Let us check our given pairs of equations one by one.

A.
`x^2-3xy+4-2x^2=-x^2-2xy-xy+4`

Let us combine like terms on the both sides of our equation.

`(x^2-2x^2)-3xy+4=-x^2-(2xy+xy)+4`

`(-x^2)-3xy+4=-x^2-(3xy)+4`

`-x^2-3xy+4=-x^2-3xy+4`

We can see that both sides of our equation are equal, therefore, option A is the correct choice.

B.
`7y^2-yz+4-2yz=7y^2-2yz+4yz`

Let us combine like terms on the both sides of our equation.

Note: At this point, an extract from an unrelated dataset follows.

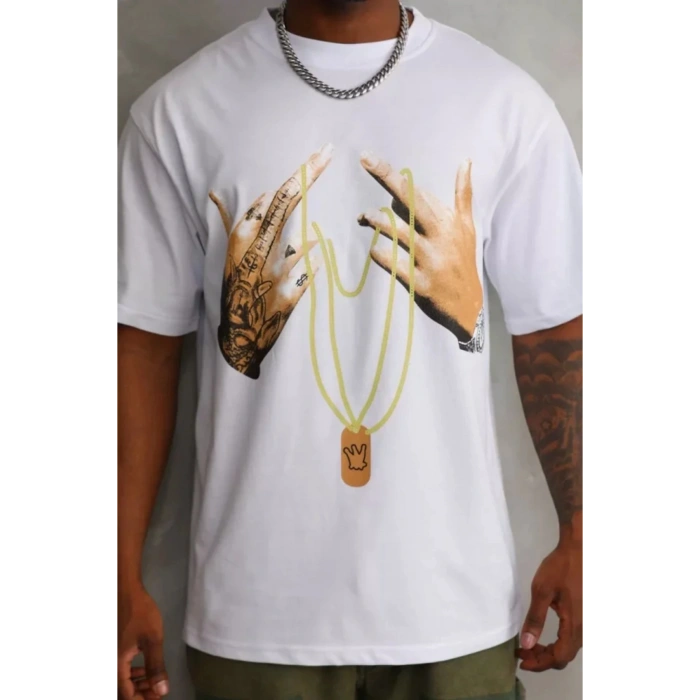 Unisex Baskılı Oversize T-Shirt - Beyaz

`7y^2-(yz+2yz)+4=7y^2-(2yz-4yz)`

`7y^2-(3yz)+4=7y^2-(-2yz)`

`7y^2-3yz+4\\eq 7y^2+2yz`

Since the both sides of our equation are not equal, therefore, option B is not a correct choice.

C.
`3a^2-ab+3-3ab=6a^2-2ab+3-2ab`

Upon combining like terms we will get,

`3a^2-(ab+3ab)+3=6a^2-(2ab+2ab)+3`

`3a^2-(4ab)+3=6a^2-(4ab)+3`

`3a^2-4ab+3\\eq 6a^2-4ab+3`

Since the both sides of our equation are not equal, therefore, option C is not a correct choice.

D.
`9s^2-st+5-3st=6s^2-3st+5+3s^2`

Upon combining like terms we will get,

`9s^2-(st+3st)+5=(6s^2+3s^2)-3st+5`

`9s^2-(4st)+5=(9s^2)-3st+5`

`9s^2-4st+5\\eq 9s^2-3st+5`

Since the both sides of our equation are not equal, therefore, option D is not a correct choice.

Answer 2

When you collect terms, for the first one you get
-x² -3xy +4 = -x² -3xy +4 . . . . . . equivalent equations.